Statcast adds another layer without replacing the eyes. The Classic now carries the same tracking language clubs live in every day, from bat speed to exit velocity to pitch movement.
International scouting still runs on feel first. Numbers sharpen the argument after.
What international scouting buys in a week like this
Chase the tool. Scouts want one carrying trait that survives elite competition. Bat speed that does not collapse against velocity. A finisher pitch that misses barrels even when hitters expect it. Defensive range that stays clean when the game speeds up.
Study the decisions. The Classic rewards players who slow the game down inside themselves. They take the right pitch. Keep their mechanics. Accept a walk if it wins the moment.
Respect the pathway. Contract rules decide timelines.
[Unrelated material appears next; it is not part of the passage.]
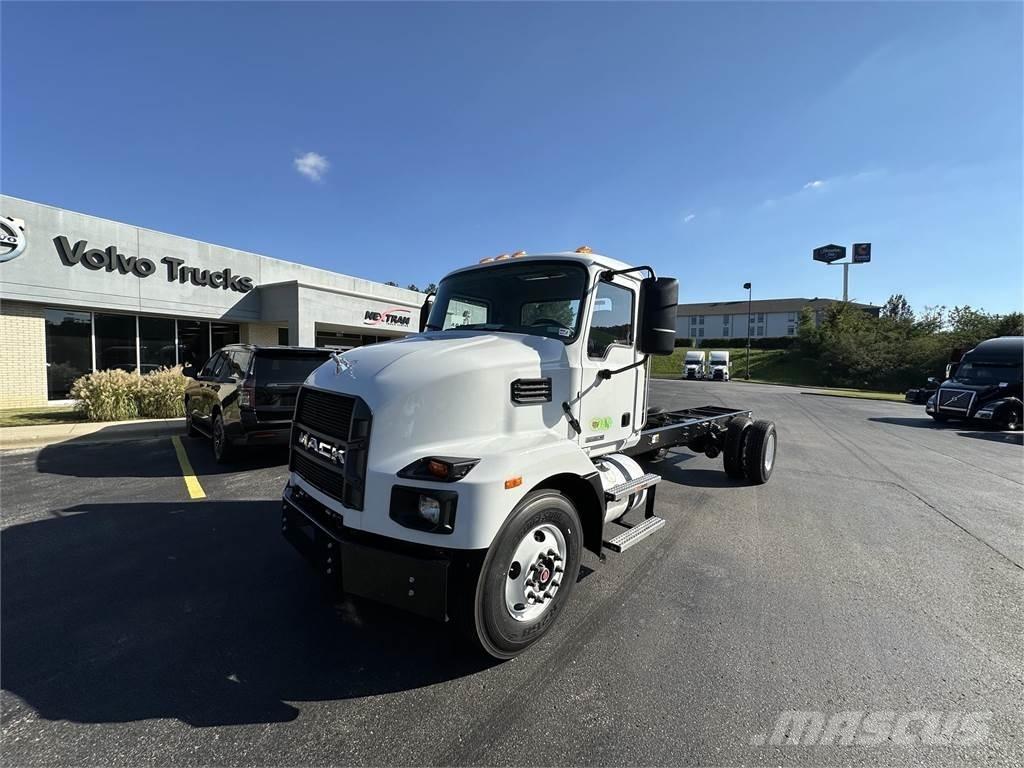 Mack MD6 42R Citi
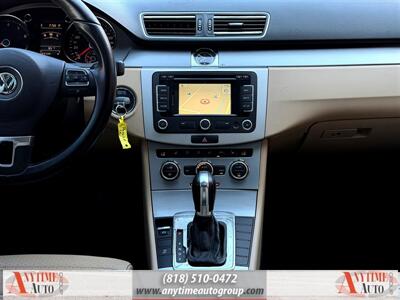 2013 Volkswagen CC 2.0T Lux   - Photo 12 - Sherman Oaks, CA 91403-1701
Some stars reach MLB through the Japanese posting system, and the posted player process explains the 45 day negotiating window after a player gets posted.
International scouting lives where those three things overlap: tool, decisions, pathway.
The notebook lines that keep getting underlined
My notebook always fills up during this tournament, then the same names keep circling back in pen. Not ten random names. Ten profiles that match what front offices actually chase in March. The WBC Statcast watch list pointed toward the same idea: put measurable proof on players the majors do not see every day, then watch how they handle the noise.
This does not read like a list taped onto the story. It reads like the story, because international scouting works that way. One at bat becomes a note. That note becomes a call. A call becomes a contract when timing fits.
10. Joseph Contreras, Brazil
Contreras walks onto the mound as a 17 year old and gets treated like a professional immediately. He carries a familiar last name and an unfamiliar kind of pressure. The Classic will not let him hide behind age or projection.
One sequence will matter more than the box score. Fastball for a strike. Breaking ball that lands instead of floats. A deep breath after a missed spot, then another strike on the next pitch. He fits the kind of profile teams slide into draft meetings with a louder voice after a public performance like this.
Brazil’s baseball story still fights for air in a crowded world. A teenager who competes without blinking becomes a symbol for that growth, and scouts remember symbols when draft meetings get tight.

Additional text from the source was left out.